“Thanks!” he says. “You need anything else? Ice? I could go and get you some ice for your ice bucket.”
“No thanks.”
“You know how to work everything in the room?”
Probably not. The alarm clocks they put in hotel rooms bypassed her level of competence years ago. The television she never bothers with. But she tells him yes, she’s all set. She’ll figure out what she needs to know, or she’ll get help later. She wants to lie down for a while now, and then she wants to take a walk with Esther. Since the time she was a little girl, sleep and nature have been fail-safe tonics. And besides, the dog will be left in the room tonight, and Candy wants to be sure Esther will be too worn-out to make trouble. This hotel is dog friendly and Candy wants to do her part to keep it that way. There is a room service menu for dogs: chicken and rice, or beef and gravy, or a hamburger. There are dog cookies in the shape of fire hydrants. You can order a tennis ball or a Kong toy, too. Candy brought Esther’s usual kibble, but maybe she’ll give her a treat tonight and get her a burger.
Her cellphone rings and she looks to see who’s calling. Cooper. She contemplates not answering. But he’ll know her plane has arrived, he always tracks her flights, and he’ll keep calling until she does answer. She opens the phone and says, “Hi.”
“You get there all right?” She can hardly hear him. He must be in the car and using his earpiece. It comes to her that she has no desire to know where he is or what he’s doing, but she nonetheless asks, “Where are you?”
“Just running some errands,” he says. “Are you okay?”
“I’m fine. The flight was perfect; I actually arrived early. A lot of people are here already. I saw—”
“I mean, ’cause I was thinking, you didn’t plan on being there with all this stuff going on.”
“I’m fine, Coop. I was just going to take a nap.”
“Did you get something from me?”
“Oh! Yes! So sorry, of course; I got the most beautiful bouquet of flowers—they just arrived. Thank you.”
“Yeah, I told ’em, you know, spare no expense. Should be a pretty over-the-top bouquet.”
“It is.”
“Like a million different types of flowers.”
“Uh-huh, yes.”
He waits, and so finally she says, “There are roses and lilies, and gerbera daisies and delphinium—”
“Yeah, blue, did they send blue delphinium? I know you like the blue ones. That’s what I told them to send.”
She sees herself in the mirror across the room, her shoulders drooping, her mouth thin and drawn. In the hotel with her are the people she went to high school with, the ones who knew her when. She straightens herself so that she is standing tall, untucks the hair that has fallen down her collar, and tosses her head. “You know what, Coop? I’m so sorry, but I am just beat.”
“Well, I was just making sure the flowers I sent you had arrived. I wanted to make sure they were what I ordered. I paid enough for them.”
“I’ll bring them home and you can see them.”
“I doubt you can get them through security.” There is a kind of petulance in his voice.
“I’ll get them through,” she says. “The vase is the problem. But I’ll wrap them in wet newspaper and plastic; I’ll get them home. I’m going to lie down now, Coop. I’m tired. I’ll call you tomorrow.”

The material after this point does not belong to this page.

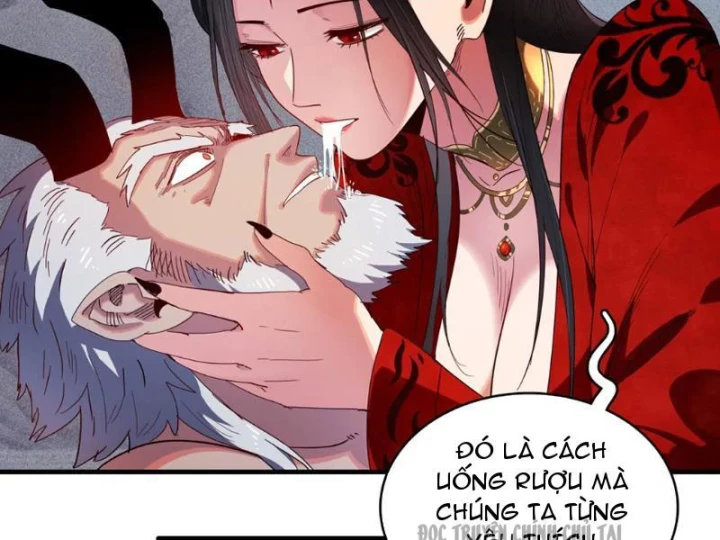 Xuyên Không Thành Ma Tôn Pháo Hôi? Nhưng Ta Là Streamer Công Lược Chapter 28 - 48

“We’ll talk later tonight,” he says.
She turns off her cellphone and puts it in her purse, takes off her suit and lies on the bed. She realizes she has never turned off her cellphone when she’s been away from home. It’s not that radical—he knows what hotel she’s in. He can call the general number and ask to be connected to her room if he really needs her.
She picks up the hotel phone and asks for the front desk. “I wonder if you could hold my calls until further notice,” she says, and the man says, “My pleasure, Ms. Armstrong,” and as soon as he says it, she feels a thrilling zip of energy that all but eliminates her fatigue.

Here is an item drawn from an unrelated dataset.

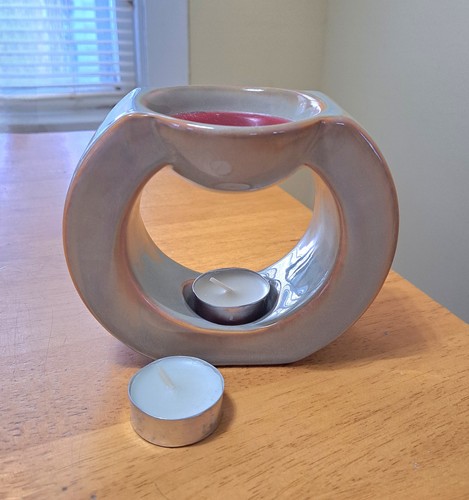 Partylite aroma wax melt - aroma,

She lies back down anyway, and pats the space beside her for Esther to come up. But the bed is higher than the one at home, and so Candy has to reach down and help lift the dog. As she does, she notices a swelling on either side of Esther’s abdomen and now she feels a deep stab of fear. Esther noses around, snorting and turning in tight circles, and finally lies down. Candy presses lightly on the dog’s sides. Yes. A definite swelling, on both sides. Oh, please. It can’t be. She presses harder, and Esther raises her head and licks Candy’s hand.
She moves her face close to Esther’s, looks into the dog’s eyes. “Are you okay?” Esther licks Candy’s nose and wags her stumpy tail. Candy pulls the dog closer to her and lies back down. Esther has been eating, drinking, sleeping, peeing, pooping. It’s nothing. It can’t be anything. It isn’t.

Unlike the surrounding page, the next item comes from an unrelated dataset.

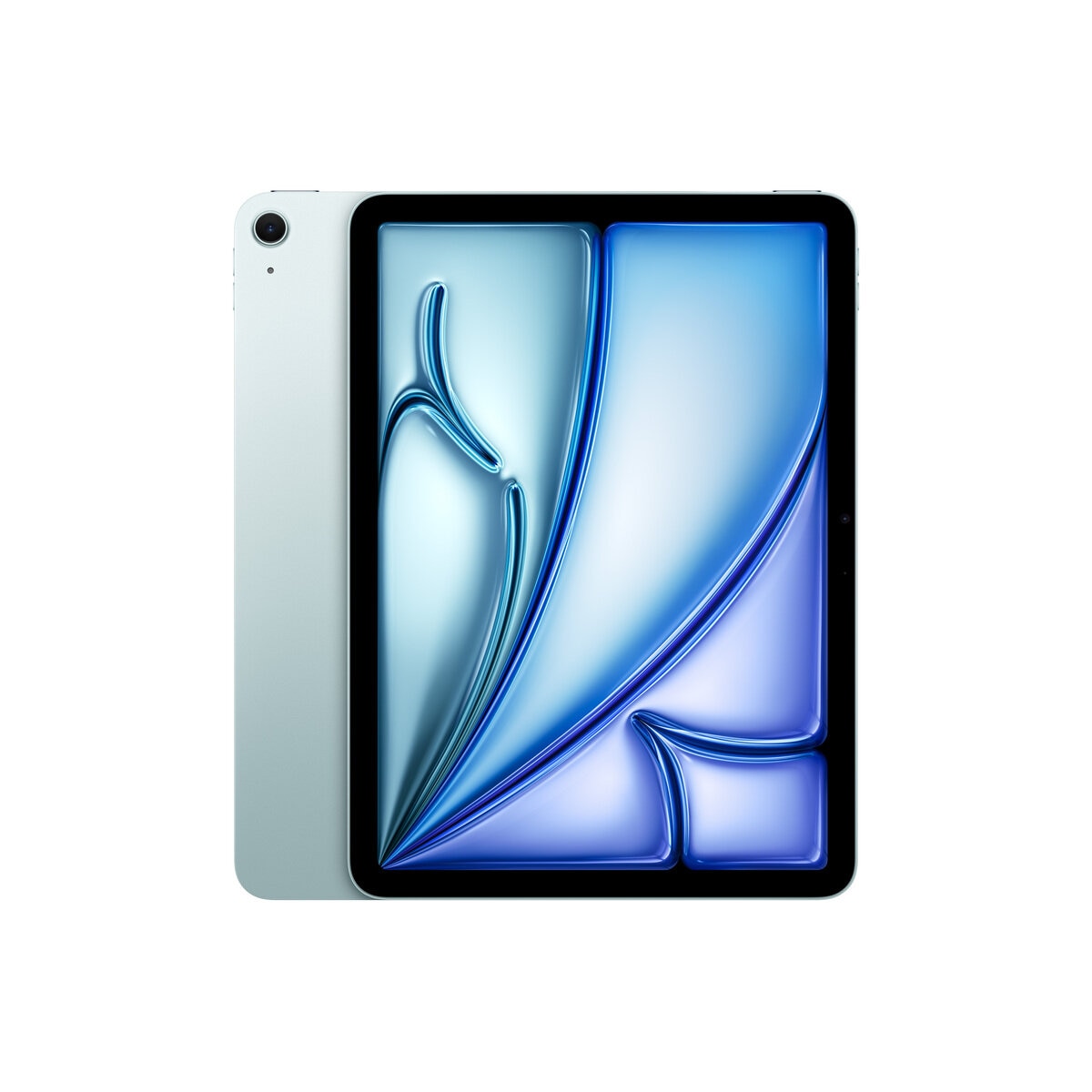 Apple/iPad Air 11インチ/M4チップ/Wi-fiモデル/128GB - ブルー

She thinks she can probably take a good half-hour nap, and then she and Esther will take a walk (she’ll watch the dog’s gait, any change in her level of endurance) and then she’ll get ready for the dinner and dance. She has a new dress for the occasion, one that she rather than Cooper selected.
She regards the mammoth bouquet on the dresser, the small white card stuck in it. She hasn’t even bothered to look at the card; that’s not right. Maybe, despite everything, he’s trying. Maybe he wrote something romantic, some overture meant to try to get them onto a different path. She gets off the bed and goes over to the dresser to pull the card out of the little envelope. “Call when you get this. Coop.”
She props the card against the vase, then throws it in the trash. She moves to the window and leans her head against it, considers again the information she was given by her doctor. She will seek a second opinion, even a third. But if she is dying, well, then she’s going to live first. On her own terms. On the nightstand is her purse and in it is a chocolate bar and she gets it out. She breaks off a large square and carefully positions it in the exact middle of her tongue. Then she moves herself to the exact middle of the bed to let the candy slowly melt. While it does, she runs her hands over her abdomen, then up across her breasts and down her arms. She touches herself in a way that has nothing to do with eroticism and everything to do with simply acknowledging—thanking!—a body that has been ignored for a very long time, by Cooper and by herself, too. Don’t go, she thinks.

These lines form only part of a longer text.